• **Brief**: Would you please copy the part of the material below that opens with the line containing "Toyota Highlander Fog Lights 2017-2019" and closes with the line containing "Beanie Hat Cap"? Copy it exactly, and only it.

• **The data**:
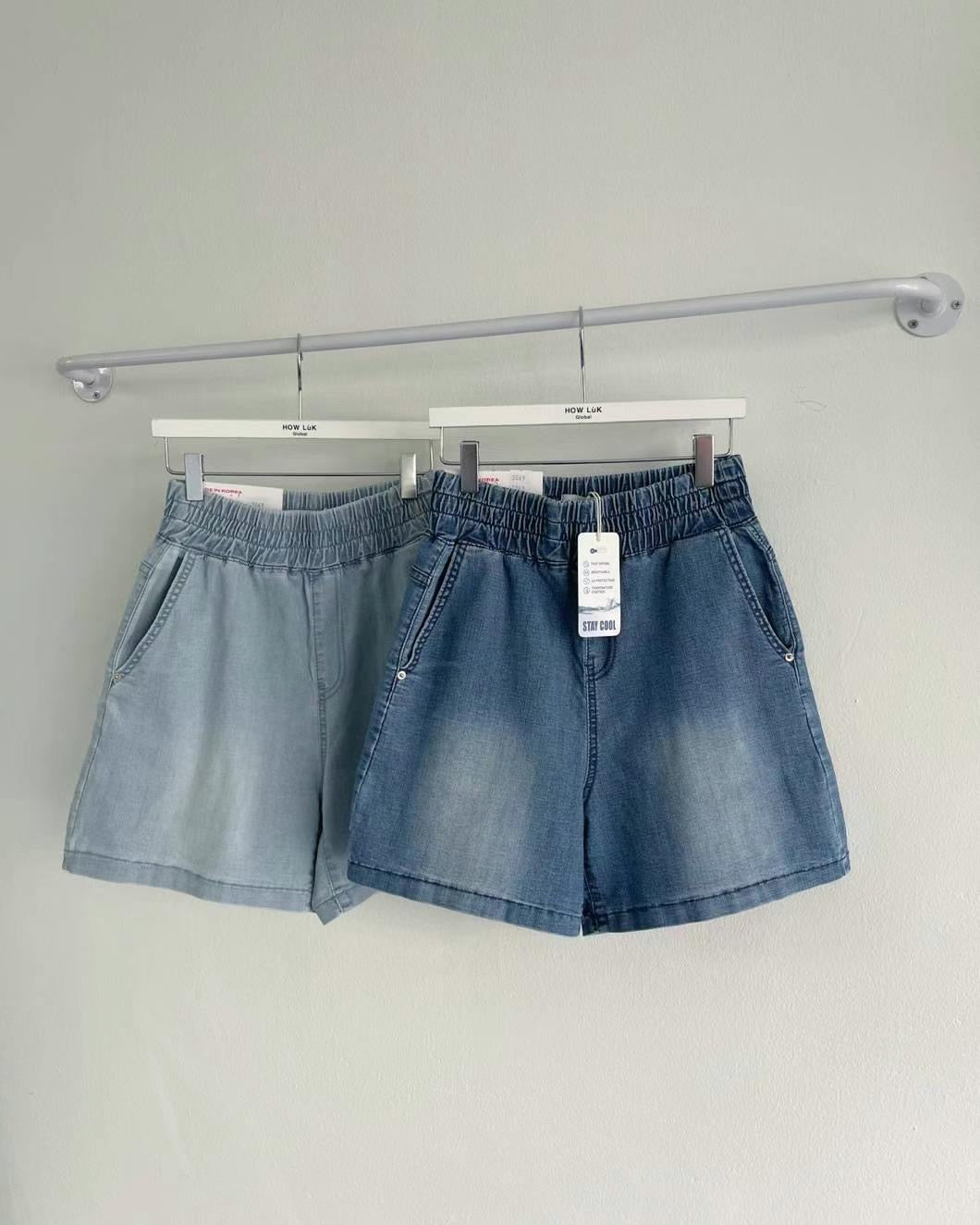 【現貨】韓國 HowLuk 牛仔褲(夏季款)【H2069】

--

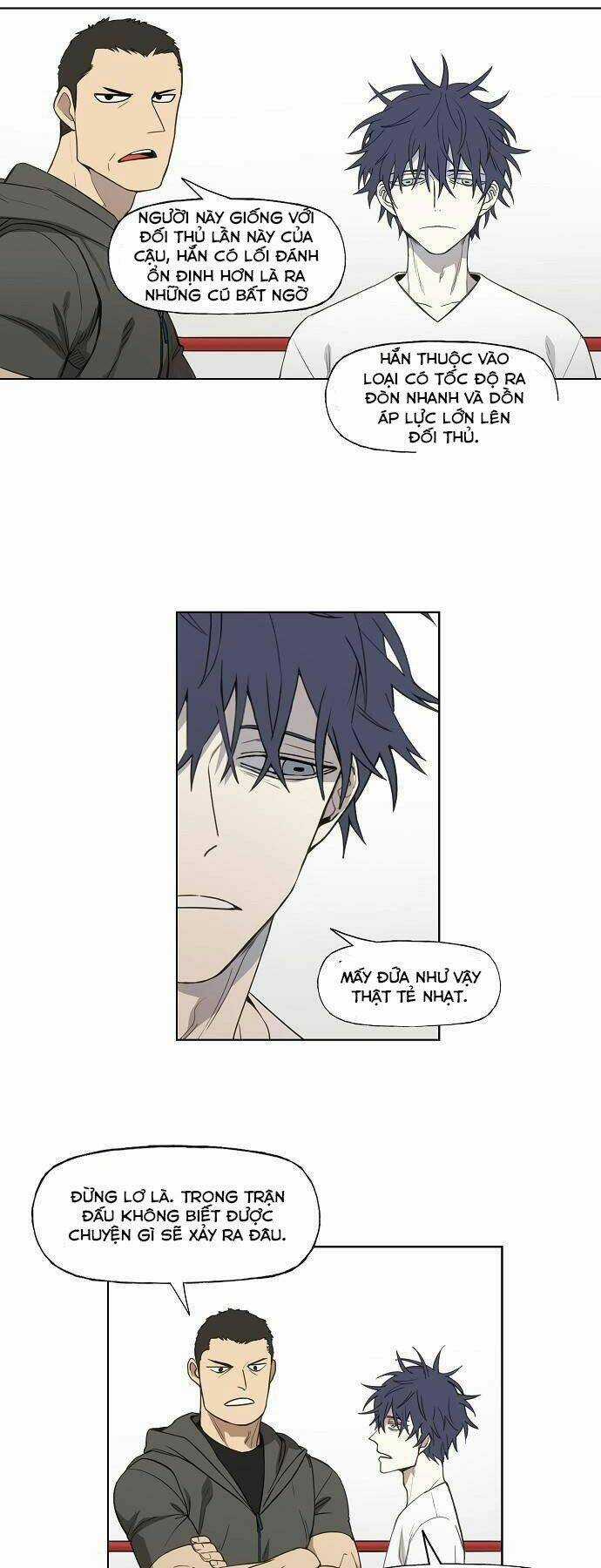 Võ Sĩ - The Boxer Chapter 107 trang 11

* * *

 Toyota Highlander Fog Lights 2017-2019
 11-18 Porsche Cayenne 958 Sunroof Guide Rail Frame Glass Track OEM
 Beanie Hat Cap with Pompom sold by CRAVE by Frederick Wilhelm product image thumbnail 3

• **Answer space**:
 Toyota Highlander Fog Lights 2017-2019
 11-18 Porsche Cayenne 958 Sunroof Guide Rail Frame Glass Track OEM
 Beanie Hat Cap with Pompom sold by CRAVE by Frederick Wilhelm product image thumbnail 3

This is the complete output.